##### DATA LISTING
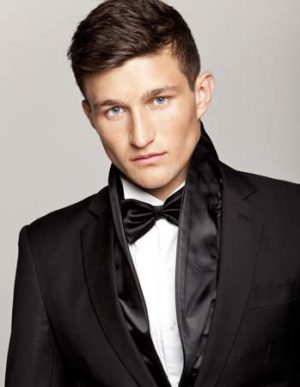 Will Martin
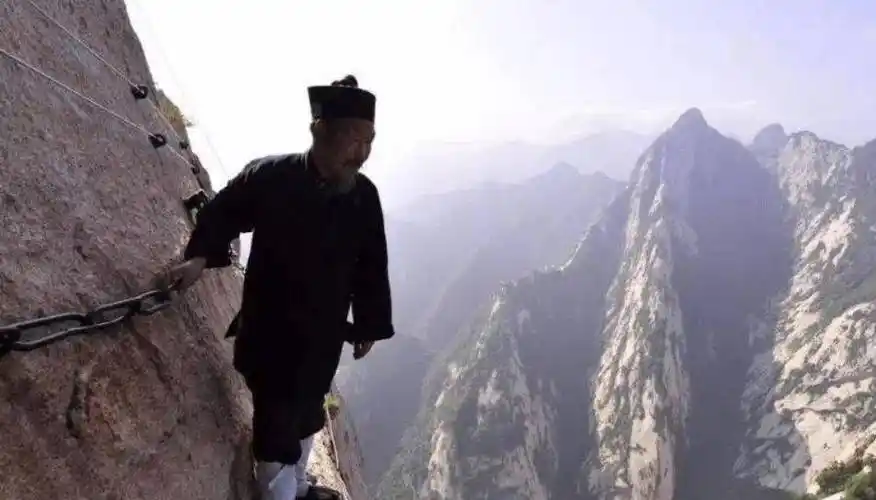 信仰_道教_王重阳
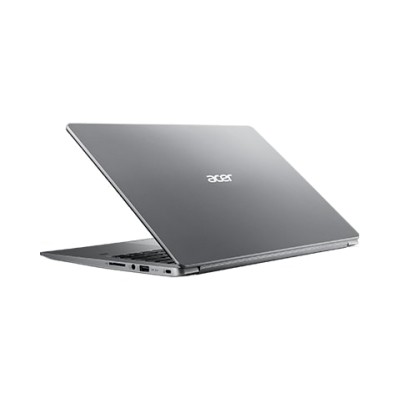 Купити Ноутбук Acer Swift 1 SF114-32 14FHD IPS/Intel Pen N5000/8/512F/int/Lin/Silver (NX.GXUEU.029)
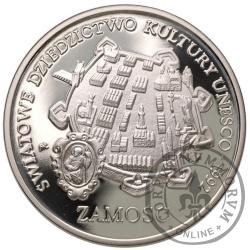 300 000 złotych - Zamość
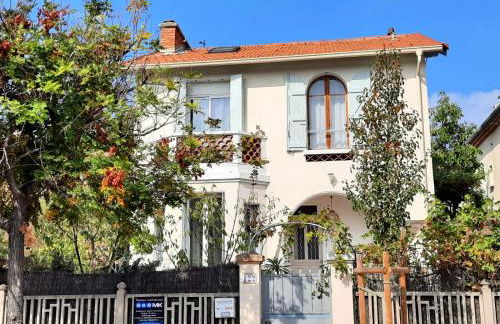 Maison centre-ville - Foto 1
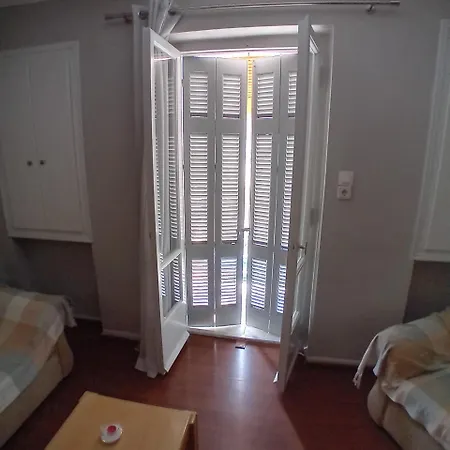 Apartment In - Evoia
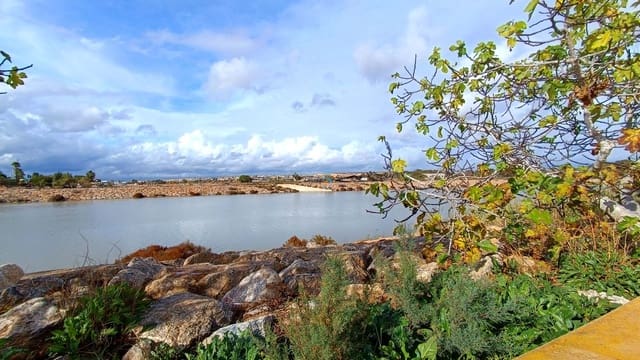 2 chambre Appartement à vendre à Guardamar del Segura avec piscine garage - 150 000 € (Ref: 9471297)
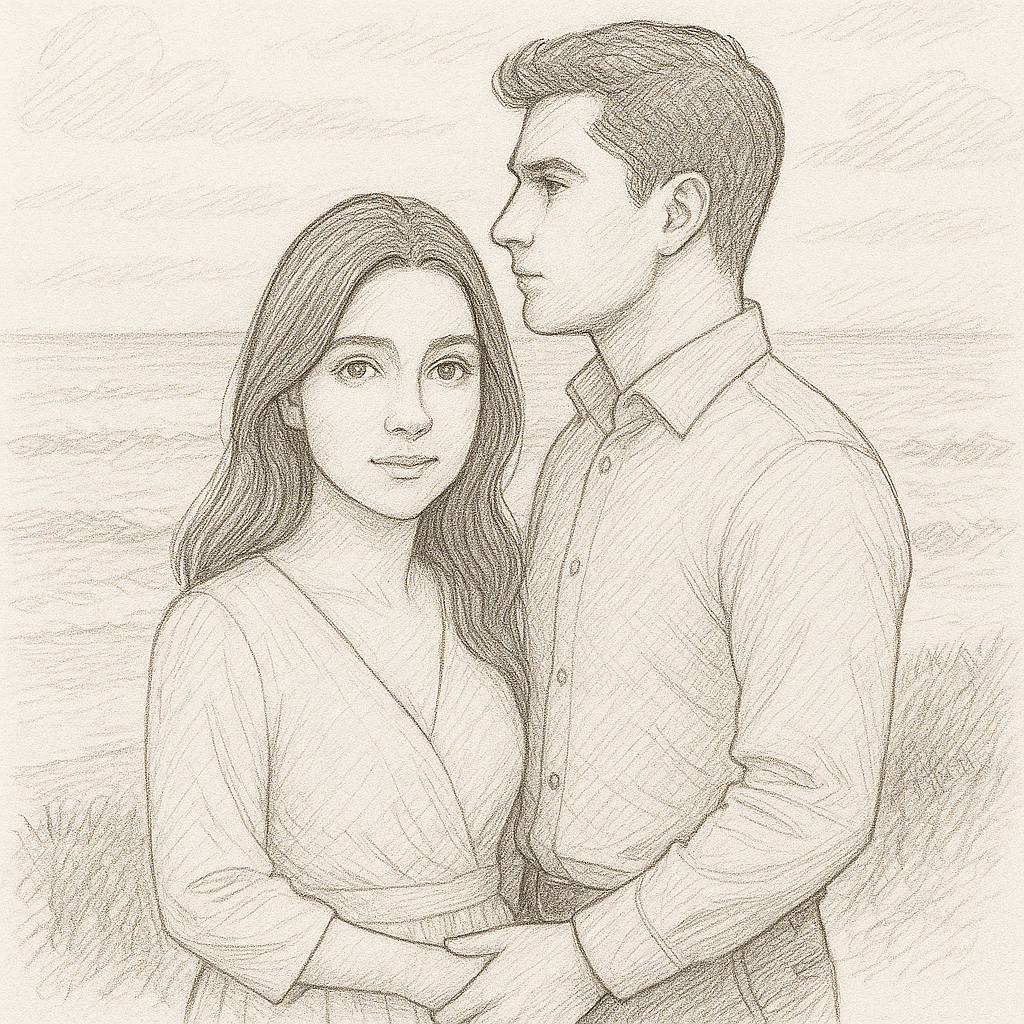 צילומי זוגות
##########
From the line with "Купити Ноутбук Acer" through the last line of the entries above, transcribe everything exactly, both ends included, but not the pictures.

 Купити Ноутбук Acer Swift 1 SF114-32 14FHD IPS/Intel Pen N5000/8/512F/int/Lin/Silver (NX.GXUEU.029)
 300 000 złotych - Zamość
 Maison centre-ville - Foto 1
 Apartment In - Evoia
 2 chambre Appartement à vendre à Guardamar del Segura avec piscine garage - 150 000 € (Ref: 9471297)
 צילומי זוגות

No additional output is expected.